— The data —

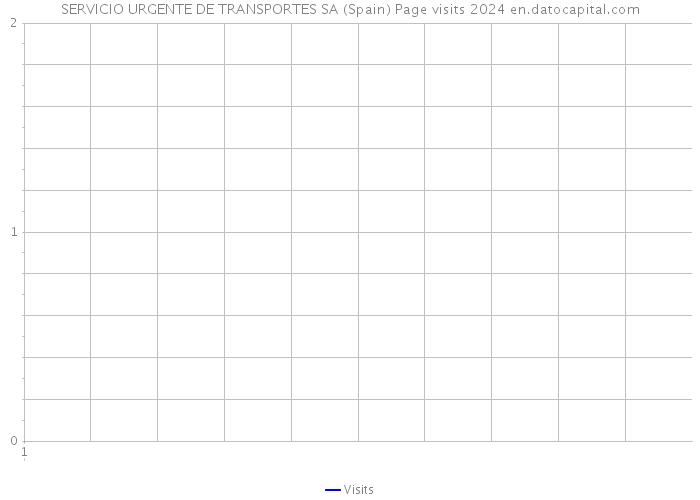 SERVICIO URGENTE DE TRANSPORTES SA (Spain) Page visits 2024 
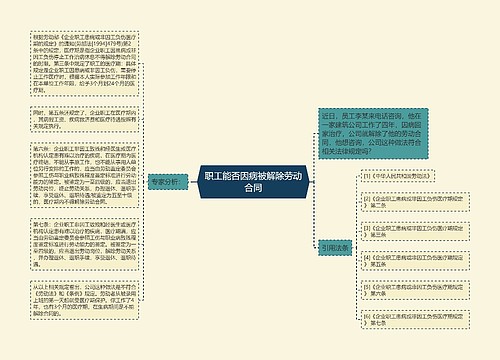 职工能否因病被解除劳动合同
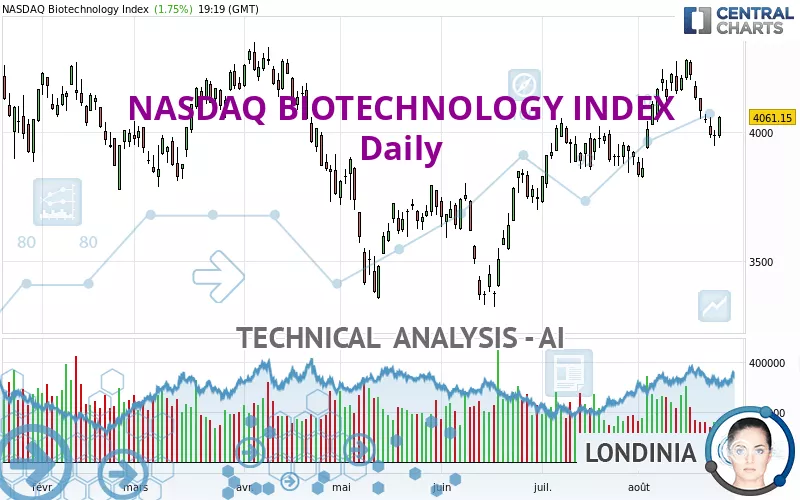 NASDAQ BIOTECHNOLOGY INDEX - Daily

— Task statement —
All of the listing above must be output exactly, except for its pictures.

— Answer space —
 SERVICIO URGENTE DE TRANSPORTES SA (Spain) Page visits 2024 
 职工能否因病被解除劳动合同
 NASDAQ BIOTECHNOLOGY INDEX - Daily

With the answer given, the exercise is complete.